Dikisahkan bahwa kas negara pada masa Umar
selalu habis dibagikan pada masyarakat dalam sehari dalam setahun. Hal ini
tertera pada surat yang dikirimkan Umar kepada Abu Musa al-Asy’ari: “amma ba’du, ketahuilah bahwa dalam
sehari dalam setahun, tidak tersisa sedirham pun kas di Baitul Mal ketika aku
mengeceknya, sehingga Allah mengetahui bahwa aku sudah memenuhi hak
masyarakat”. Abu Ubaid pun berkata: “jika datang hasil kekayaan kepada negara
di pagi hari, maka tidak sampai tengah hari Umar telah habis membagikannya”.

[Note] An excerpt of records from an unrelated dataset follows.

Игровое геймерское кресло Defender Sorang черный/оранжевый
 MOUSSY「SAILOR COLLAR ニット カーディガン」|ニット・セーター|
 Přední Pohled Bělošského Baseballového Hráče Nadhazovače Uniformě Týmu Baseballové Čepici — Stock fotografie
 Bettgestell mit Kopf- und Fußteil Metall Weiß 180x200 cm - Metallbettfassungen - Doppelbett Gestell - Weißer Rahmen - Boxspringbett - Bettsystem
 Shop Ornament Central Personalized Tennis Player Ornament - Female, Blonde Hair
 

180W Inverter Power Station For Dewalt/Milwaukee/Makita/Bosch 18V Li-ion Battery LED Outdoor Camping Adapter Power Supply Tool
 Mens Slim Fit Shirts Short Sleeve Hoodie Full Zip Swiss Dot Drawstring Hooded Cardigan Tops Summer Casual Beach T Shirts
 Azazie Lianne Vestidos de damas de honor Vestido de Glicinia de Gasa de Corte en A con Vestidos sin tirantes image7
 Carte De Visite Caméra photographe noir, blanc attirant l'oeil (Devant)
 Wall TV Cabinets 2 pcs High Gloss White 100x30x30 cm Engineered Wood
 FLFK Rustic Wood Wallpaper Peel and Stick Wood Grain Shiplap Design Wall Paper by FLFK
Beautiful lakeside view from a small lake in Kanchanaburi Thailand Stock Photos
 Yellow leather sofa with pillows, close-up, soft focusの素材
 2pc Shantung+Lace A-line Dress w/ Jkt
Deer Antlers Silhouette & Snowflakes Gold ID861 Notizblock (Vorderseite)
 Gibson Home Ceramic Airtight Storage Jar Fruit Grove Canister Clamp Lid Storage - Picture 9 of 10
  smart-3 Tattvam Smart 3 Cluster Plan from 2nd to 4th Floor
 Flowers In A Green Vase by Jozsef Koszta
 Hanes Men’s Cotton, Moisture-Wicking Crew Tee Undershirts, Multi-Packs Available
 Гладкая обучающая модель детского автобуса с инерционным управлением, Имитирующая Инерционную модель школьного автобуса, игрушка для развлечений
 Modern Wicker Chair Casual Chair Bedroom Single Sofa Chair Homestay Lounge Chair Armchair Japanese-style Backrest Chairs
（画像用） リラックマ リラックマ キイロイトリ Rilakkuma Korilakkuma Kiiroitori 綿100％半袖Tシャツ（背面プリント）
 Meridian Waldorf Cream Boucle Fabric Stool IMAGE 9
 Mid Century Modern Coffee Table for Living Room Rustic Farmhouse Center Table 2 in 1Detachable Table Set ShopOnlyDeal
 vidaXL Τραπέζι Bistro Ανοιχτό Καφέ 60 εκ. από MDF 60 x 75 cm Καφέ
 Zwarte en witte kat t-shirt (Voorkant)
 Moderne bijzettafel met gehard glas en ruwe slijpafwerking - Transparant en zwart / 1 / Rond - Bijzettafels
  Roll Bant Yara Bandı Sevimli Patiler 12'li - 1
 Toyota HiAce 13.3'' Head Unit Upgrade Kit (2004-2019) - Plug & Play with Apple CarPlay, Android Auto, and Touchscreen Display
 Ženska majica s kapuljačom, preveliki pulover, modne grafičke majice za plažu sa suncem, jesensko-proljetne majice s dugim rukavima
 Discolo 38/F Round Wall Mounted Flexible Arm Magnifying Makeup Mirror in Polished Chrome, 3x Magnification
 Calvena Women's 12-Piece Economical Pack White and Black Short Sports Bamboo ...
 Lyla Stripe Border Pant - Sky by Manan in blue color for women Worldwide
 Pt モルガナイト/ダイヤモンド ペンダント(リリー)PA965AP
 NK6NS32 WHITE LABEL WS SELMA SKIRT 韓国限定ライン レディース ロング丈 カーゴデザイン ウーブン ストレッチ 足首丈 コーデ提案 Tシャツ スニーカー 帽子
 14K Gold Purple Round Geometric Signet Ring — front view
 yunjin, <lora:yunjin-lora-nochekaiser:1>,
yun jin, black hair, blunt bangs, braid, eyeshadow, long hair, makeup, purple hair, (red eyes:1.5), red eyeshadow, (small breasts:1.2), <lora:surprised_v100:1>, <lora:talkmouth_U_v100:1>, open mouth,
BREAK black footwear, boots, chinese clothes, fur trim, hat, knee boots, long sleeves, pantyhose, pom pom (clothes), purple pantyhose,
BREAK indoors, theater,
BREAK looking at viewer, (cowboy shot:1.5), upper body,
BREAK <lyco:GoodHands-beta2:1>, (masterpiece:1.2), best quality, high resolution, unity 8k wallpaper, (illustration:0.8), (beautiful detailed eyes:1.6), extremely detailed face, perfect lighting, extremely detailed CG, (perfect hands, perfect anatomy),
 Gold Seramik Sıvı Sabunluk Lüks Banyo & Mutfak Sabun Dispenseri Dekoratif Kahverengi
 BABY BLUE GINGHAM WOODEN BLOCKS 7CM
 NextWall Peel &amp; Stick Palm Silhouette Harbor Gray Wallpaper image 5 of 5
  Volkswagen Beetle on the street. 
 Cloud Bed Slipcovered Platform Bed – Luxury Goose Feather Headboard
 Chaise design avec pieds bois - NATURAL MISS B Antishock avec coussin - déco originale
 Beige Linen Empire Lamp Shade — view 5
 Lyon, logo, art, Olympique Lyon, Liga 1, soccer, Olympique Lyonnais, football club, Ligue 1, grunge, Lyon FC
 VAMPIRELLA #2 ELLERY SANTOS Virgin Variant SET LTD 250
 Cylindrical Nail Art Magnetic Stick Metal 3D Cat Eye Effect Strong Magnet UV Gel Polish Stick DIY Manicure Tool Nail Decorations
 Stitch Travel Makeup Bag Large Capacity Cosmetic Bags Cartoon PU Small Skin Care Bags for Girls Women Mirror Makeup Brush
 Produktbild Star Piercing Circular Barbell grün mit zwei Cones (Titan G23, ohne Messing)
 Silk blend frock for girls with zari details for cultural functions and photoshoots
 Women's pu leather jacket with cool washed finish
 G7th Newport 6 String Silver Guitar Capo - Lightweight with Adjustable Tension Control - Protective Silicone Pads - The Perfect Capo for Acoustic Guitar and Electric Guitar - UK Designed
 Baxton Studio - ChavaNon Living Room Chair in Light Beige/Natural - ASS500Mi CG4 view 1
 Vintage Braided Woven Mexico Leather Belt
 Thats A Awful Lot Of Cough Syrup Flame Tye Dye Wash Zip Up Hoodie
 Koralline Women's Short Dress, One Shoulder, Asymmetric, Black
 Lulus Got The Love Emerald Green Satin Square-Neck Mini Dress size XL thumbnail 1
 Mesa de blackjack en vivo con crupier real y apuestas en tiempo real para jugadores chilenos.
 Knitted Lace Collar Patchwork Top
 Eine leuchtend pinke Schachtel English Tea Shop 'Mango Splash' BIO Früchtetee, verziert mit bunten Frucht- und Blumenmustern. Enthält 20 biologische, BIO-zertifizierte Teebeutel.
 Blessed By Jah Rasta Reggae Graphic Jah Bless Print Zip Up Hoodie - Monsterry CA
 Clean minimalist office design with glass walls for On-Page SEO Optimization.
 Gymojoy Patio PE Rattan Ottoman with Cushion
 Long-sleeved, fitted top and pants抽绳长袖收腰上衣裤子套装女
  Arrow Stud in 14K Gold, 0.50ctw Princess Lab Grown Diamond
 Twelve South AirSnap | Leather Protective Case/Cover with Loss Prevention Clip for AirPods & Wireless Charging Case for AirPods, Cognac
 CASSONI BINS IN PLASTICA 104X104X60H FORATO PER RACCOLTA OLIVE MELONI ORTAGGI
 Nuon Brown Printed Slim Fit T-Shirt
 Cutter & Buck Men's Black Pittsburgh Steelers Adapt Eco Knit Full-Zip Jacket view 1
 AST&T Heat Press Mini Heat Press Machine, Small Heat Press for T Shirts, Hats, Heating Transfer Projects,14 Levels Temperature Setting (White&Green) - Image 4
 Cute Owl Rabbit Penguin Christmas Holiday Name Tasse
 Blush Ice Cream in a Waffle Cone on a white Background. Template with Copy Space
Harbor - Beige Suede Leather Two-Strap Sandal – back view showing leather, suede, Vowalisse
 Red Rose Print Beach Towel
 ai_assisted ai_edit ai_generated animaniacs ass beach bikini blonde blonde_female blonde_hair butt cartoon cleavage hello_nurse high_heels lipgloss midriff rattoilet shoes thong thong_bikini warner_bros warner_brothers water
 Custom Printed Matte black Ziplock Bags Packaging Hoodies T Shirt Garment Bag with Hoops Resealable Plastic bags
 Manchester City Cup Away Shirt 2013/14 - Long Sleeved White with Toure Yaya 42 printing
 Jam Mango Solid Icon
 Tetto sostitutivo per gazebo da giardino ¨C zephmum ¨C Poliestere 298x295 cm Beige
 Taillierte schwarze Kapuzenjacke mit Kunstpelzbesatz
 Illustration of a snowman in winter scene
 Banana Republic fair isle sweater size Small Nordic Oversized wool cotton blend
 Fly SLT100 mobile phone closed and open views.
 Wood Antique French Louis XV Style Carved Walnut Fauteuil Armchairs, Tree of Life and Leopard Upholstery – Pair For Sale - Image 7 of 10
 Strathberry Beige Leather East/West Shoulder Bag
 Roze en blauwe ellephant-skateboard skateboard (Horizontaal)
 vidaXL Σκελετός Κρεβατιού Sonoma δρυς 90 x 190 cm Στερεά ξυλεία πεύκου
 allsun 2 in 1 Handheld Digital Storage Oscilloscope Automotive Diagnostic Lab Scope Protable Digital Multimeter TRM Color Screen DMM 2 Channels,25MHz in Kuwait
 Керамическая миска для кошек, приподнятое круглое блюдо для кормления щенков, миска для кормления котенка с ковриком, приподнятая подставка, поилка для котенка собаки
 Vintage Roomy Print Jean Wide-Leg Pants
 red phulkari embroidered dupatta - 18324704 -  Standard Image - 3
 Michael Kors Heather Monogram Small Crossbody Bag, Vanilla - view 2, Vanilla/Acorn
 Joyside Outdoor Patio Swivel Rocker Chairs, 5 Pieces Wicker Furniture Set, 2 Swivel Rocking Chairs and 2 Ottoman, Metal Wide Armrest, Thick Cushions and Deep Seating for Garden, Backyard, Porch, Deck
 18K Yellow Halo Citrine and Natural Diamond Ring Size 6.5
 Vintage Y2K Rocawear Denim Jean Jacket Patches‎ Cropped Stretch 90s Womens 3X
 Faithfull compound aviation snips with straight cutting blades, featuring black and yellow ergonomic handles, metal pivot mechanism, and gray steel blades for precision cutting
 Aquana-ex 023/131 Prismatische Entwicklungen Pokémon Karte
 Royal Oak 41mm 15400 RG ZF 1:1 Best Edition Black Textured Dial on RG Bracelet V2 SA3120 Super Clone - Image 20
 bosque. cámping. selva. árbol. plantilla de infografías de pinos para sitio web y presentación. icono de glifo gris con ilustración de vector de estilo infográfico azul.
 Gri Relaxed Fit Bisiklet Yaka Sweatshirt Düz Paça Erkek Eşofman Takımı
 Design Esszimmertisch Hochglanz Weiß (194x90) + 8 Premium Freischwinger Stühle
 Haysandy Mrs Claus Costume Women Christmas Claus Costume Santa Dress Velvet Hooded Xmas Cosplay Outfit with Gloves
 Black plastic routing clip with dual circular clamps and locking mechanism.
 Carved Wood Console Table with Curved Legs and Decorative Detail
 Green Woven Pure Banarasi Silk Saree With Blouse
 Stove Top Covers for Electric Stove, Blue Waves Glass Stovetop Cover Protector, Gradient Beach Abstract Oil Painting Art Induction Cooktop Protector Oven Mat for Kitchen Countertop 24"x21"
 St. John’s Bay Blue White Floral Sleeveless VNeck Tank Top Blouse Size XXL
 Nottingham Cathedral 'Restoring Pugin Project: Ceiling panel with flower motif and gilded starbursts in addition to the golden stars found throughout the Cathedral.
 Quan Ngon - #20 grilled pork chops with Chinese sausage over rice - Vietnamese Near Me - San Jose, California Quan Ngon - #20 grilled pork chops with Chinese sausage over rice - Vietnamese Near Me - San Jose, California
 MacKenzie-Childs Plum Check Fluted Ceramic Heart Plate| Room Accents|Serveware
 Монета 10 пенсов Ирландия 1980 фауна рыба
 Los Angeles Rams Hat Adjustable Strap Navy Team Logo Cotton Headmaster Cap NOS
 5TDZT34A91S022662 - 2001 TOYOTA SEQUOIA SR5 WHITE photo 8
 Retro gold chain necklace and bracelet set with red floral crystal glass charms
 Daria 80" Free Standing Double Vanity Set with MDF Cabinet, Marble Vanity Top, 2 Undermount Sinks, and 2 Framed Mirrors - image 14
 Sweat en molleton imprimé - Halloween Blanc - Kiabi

Dan diriwayatkan pula oleh Ibnu Sa’ad bahwa Umar pernah menulis surat kepada
Hudzaifah pegawainya, “berikanlah mereka (setiap warga) bagiannya dan
rezekinya”. Namun dalam surat balasannya Hudzaifah mengatakan, “kami sudah
memberikan mereka semua bagiannya, akan tetapi harta tersebut masih banyak
tersisa”. Menerima laporan itu Umar kemudian menulis surat lagi, “harta itu
adalah hasil fa’i, mereka sendiri yang telah diberikan oleh Allah, dan bukan
milik Umar atau keluarganya. Bagikan lagi harta sisa itu kepada mereka!”.
Demikian sikap Umar terhadap harta negara. Sejarah juga telah menulis, bahwa
Umar selalu melakukan hal ini sepanjang masa pemerintahannya.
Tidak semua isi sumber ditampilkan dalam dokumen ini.